Conto: Amor e Fúria
Publicado em 03/08/2020 | 10:37 - 1461

O ano é 2080, dia 20 de Outubro, aniversário de Nairit Sagun, gênio indiano que descobriu um meio de conectar seu cérebro a um computador, não teve acesso a inúmeras informações como diziam as mais otimistas mentes, mas com a ajuda de vários processadores interligados, aumentou muito sua capacidade e velocidade de raciocínio e desenvolveu o hábito de analisar várias coisas simultaneamente. Isso aliado à uma curiosidade intrínseca e sua paixão por robótica, o levou a viabilizar a nanotecnologia, através de processamento óptico efetuado via cristais.

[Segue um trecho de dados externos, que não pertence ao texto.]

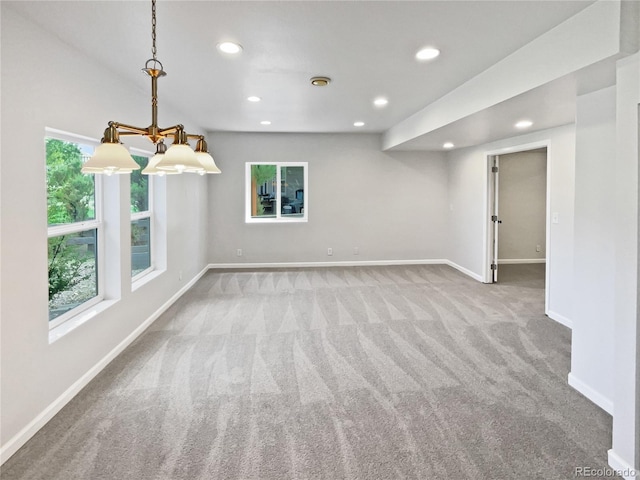 23559 Branston Ln, Parker, CO 80138 - carpeted empty room featuring baseboards, recessed lighting, and a wealth of natural light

Com isso a tecnologia mundial deu um salto gigante, no começo foram os exoesqueletos ligados externamente ao cérebro, depois viraram armaduras usadas para combate, até finalmente chegar às próteses e quase todos os órgãos do corpo humano. Algumas pesquisas do Dr. Nairit foram banidas, outras roubadas, como a teoria da viagem no tempo ou a revitalização de cadáveres. Alberto, um empresário bem sucedido, teve sua família brutalmente assassinada há muitos anos. Graças aos avanços da medicina que prolongaram sua vida, ainda parece jovem, mesmo com mais de um século de idade. Desiludido com as mulheres, que pareciam apenas procurar nele um meio de se sustentar, resolveu se envolver com um homem, um transformista que fazia shows em boates na região central de São Paulo, cidade que se tornou uma megalópole. Após alguns meses, desistiu de Cláudio, pois este era muito possessivo, ciumento, até violento. Quando Alberto terminou o relacionamento com Cláudio, este saiu de casa sem dizer uma palavra. Desapareceu por alguns dias, reaparecendo em uma quinta-feira à noite. Tentou abrir a porta da casa de Alberto, mas a chave não funcionava mais.
- Como você pode fazer isso comigo? – Gritava Cláudio. – Já trocou a fechadura? – Perguntava enquanto esmurrava a porta.
Alberto ouvia os gritos e barulhos deitado em sua cama. Não queria confusão, não queria uma cena. Ouviu quando Cláudio parou de bater na porta da frente. Ficou alguns minutos deitado, em completo silêncio, quando ouviu um barulho de passos bem leves no corredor que levava aos quartos. Voltou toda sua atenção à porta e resolveu pegar uma arma que guardava na gaveta do criado mudo ao lado da sua cama. Mas só teve tempo de abrir a gaveta, quando a porta foi aberta com um chute de Cláudio. - Você vai pagar caro. Se não for meu, não será de mais ninguém. – Gritou ele da porta. Com uma faca de cozinha na mão, grande o suficiente para atravessar o corpo de Alberto. Cláudio pulou para cima de Alberto, com a faca na frente, e este mal teve tempo de se desviar, rolando para o lado. Cláudio bateu com o cotovelo na nuca do Alberto, que caiu da cama e se levantou. Cláudio voltou a atacar, Alberto desviava a faca com um travesseiro que pegou na cama, até que conseguiu fazer o outro derrubar a faca. Durante algum tempo, lutaram ferozmente de socos e chutes, até ficarem bem cansados e machucados. Estavam cada um de um lado da cama, Cláudio percebeu que estava pisando na faca, se abaixou e pegou-a novamente. Alberto percebendo o perigo, foi até o criado mudo e pegou sua arma, ao se virar se deparou com Cláudio quase em cima dele. Não teve dúvidas e puxou o gatilho. Disparou as seis balas sobre o ex companheiro. Fugiu de casa deixando o corpo no quarto.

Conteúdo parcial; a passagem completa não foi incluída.